Top of Data to use
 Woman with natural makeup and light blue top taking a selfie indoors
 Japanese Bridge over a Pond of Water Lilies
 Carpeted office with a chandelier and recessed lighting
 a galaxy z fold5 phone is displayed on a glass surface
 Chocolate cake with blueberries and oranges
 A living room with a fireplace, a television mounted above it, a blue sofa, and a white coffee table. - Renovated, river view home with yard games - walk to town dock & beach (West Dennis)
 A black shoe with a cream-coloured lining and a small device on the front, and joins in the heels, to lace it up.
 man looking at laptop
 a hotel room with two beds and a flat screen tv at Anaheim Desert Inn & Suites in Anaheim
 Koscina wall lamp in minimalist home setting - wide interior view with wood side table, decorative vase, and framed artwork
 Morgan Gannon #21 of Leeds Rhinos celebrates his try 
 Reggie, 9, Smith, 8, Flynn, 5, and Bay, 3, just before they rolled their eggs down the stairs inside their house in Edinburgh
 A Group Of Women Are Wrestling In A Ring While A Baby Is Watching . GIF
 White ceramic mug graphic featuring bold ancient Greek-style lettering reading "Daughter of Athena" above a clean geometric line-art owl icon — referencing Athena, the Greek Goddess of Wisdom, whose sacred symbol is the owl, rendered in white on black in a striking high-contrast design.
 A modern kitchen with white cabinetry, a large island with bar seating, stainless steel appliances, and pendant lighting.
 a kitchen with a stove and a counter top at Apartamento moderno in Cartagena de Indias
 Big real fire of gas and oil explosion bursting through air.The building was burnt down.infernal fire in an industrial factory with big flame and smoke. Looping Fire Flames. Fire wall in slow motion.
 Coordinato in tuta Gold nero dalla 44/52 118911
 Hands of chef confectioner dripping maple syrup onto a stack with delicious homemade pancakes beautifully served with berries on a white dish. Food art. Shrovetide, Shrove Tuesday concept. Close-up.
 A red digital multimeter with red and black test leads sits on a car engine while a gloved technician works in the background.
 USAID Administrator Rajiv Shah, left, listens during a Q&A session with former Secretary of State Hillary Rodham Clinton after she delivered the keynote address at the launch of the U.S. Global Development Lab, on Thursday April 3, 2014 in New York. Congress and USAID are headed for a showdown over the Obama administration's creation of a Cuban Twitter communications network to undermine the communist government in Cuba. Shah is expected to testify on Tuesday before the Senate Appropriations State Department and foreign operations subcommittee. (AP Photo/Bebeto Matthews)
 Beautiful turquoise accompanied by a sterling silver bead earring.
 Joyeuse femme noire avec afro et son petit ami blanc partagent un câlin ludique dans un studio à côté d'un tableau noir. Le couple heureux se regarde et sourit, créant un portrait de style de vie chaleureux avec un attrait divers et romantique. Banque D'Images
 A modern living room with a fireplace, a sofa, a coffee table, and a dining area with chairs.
Bottom of Data to use
● **Directions**
Exactly as they stand, please print the lines from the first line of the records above down to the line that includes "Morgan Gannon #21", both of those included and no others.

● **Exercise result**
 Woman with natural makeup and light blue top taking a selfie indoors
 Japanese Bridge over a Pond of Water Lilies
 Carpeted office with a chandelier and recessed lighting
 a galaxy z fold5 phone is displayed on a glass surface
 Chocolate cake with blueberries and oranges
 A living room with a fireplace, a television mounted above it, a blue sofa, and a white coffee table. - Renovated, river view home with yard games - walk to town dock & beach (West Dennis)
 A black shoe with a cream-coloured lining and a small device on the front, and joins in the heels, to lace it up.
 man looking at laptop
 a hotel room with two beds and a flat screen tv at Anaheim Desert Inn & Suites in Anaheim
 Koscina wall lamp in minimalist home setting - wide interior view with wood side table, decorative vase, and framed artwork
 Morgan Gannon #21 of Leeds Rhinos celebrates his try 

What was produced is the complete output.